- [Exercise description] Once the line with "shot|Wranglerのスラックスを使ったコーディネート - WEAR" is found, write it out along with each later line exactly, through the end of the entries, skipping every picture.

= = = = =

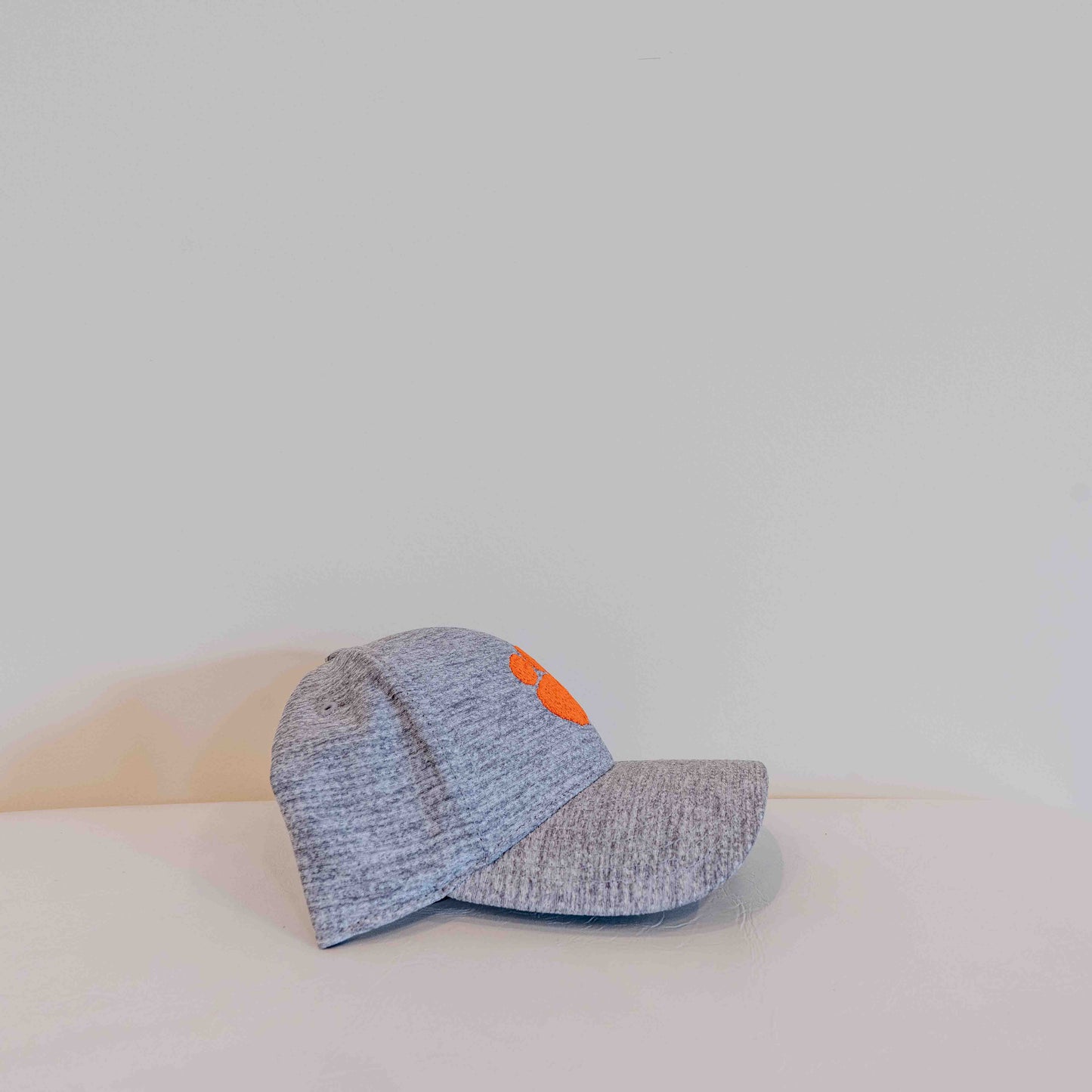 Clemson Tigers Gray Cap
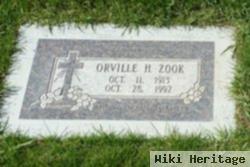 Orville Harry Zook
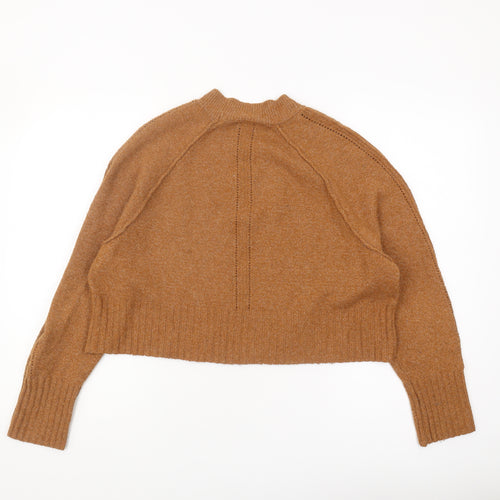 Jolie & Joy Women's Brown XL Pullover Jumper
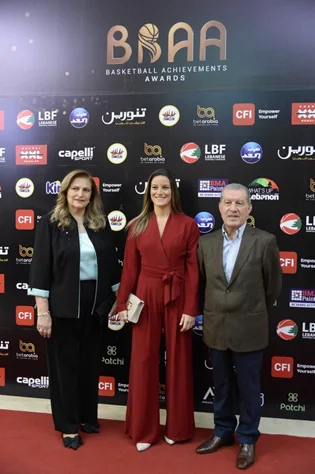 Basketball Achievements Awards 2025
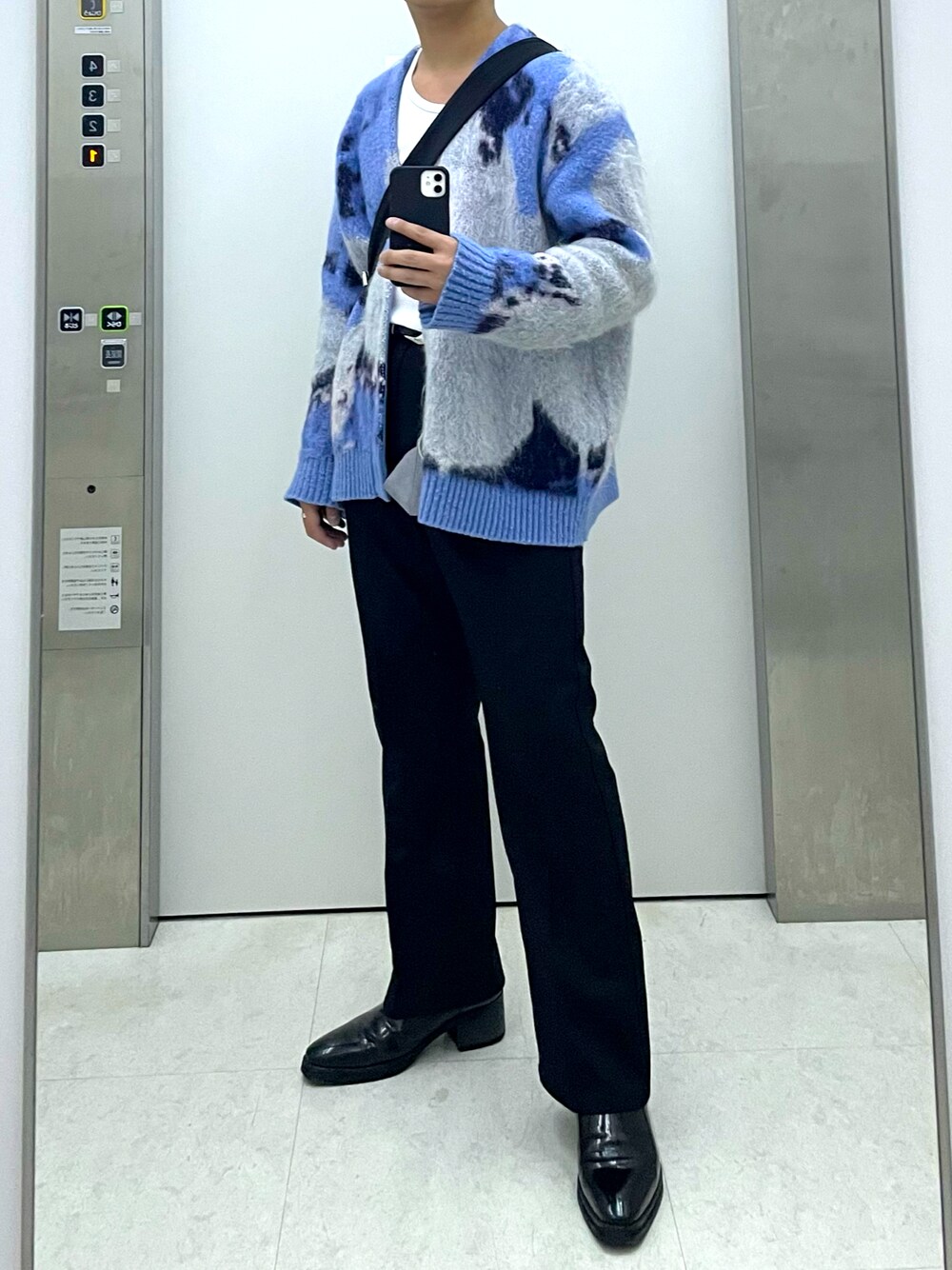 shot|Wranglerのスラックスを使ったコーディネート - WEAR
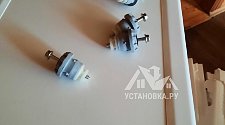Установить стиральную машину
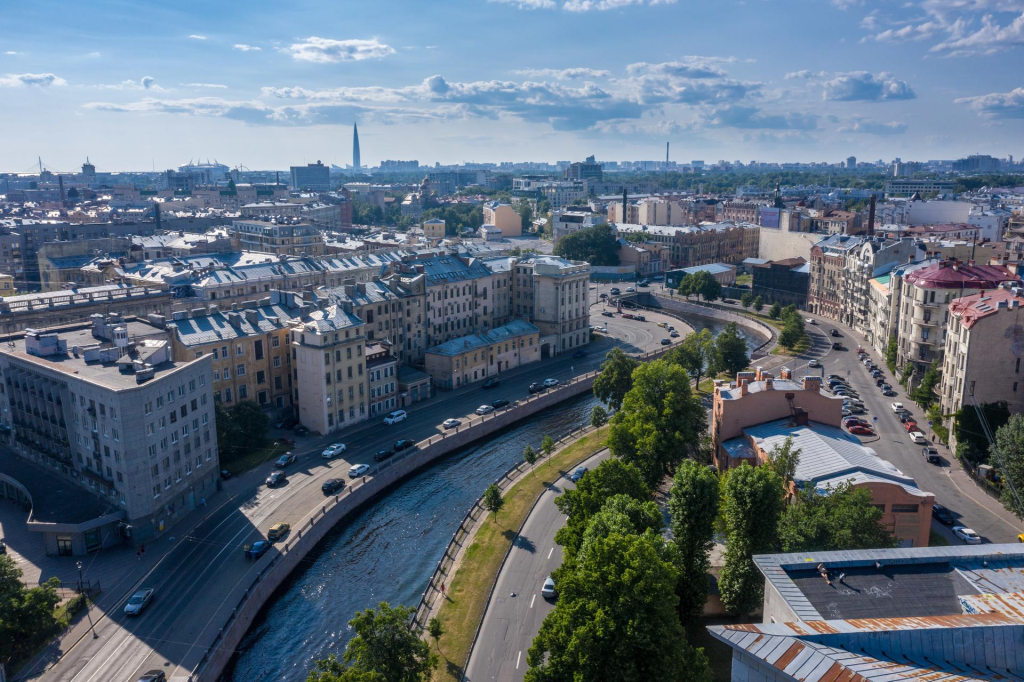 Петроградка Петроградка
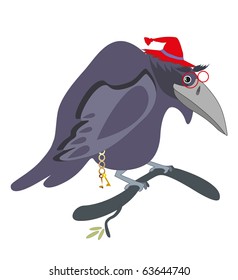 crow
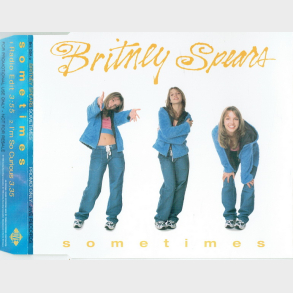 Britney Spears - Sometimes (1999) (Promo)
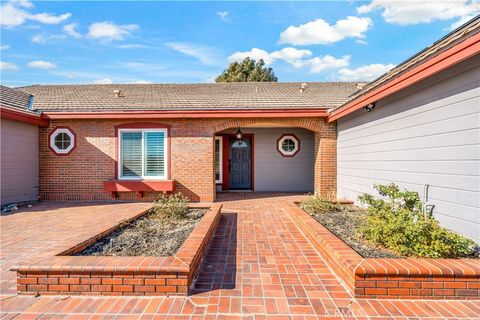 A home in Moreno Valley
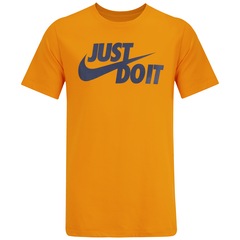 Camiseta Básica Masculina Nike Just Do It - Foto 5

= = = = =

- [Result]
 shot|Wranglerのスラックスを使ったコーディネート - WEAR
Установить стиральную машину
 Петроградка Петроградка
 crow
 Britney Spears - Sometimes (1999) (Promo)
 A home in Moreno Valley
 Camiseta Básica Masculina Nike Just Do It - Foto 5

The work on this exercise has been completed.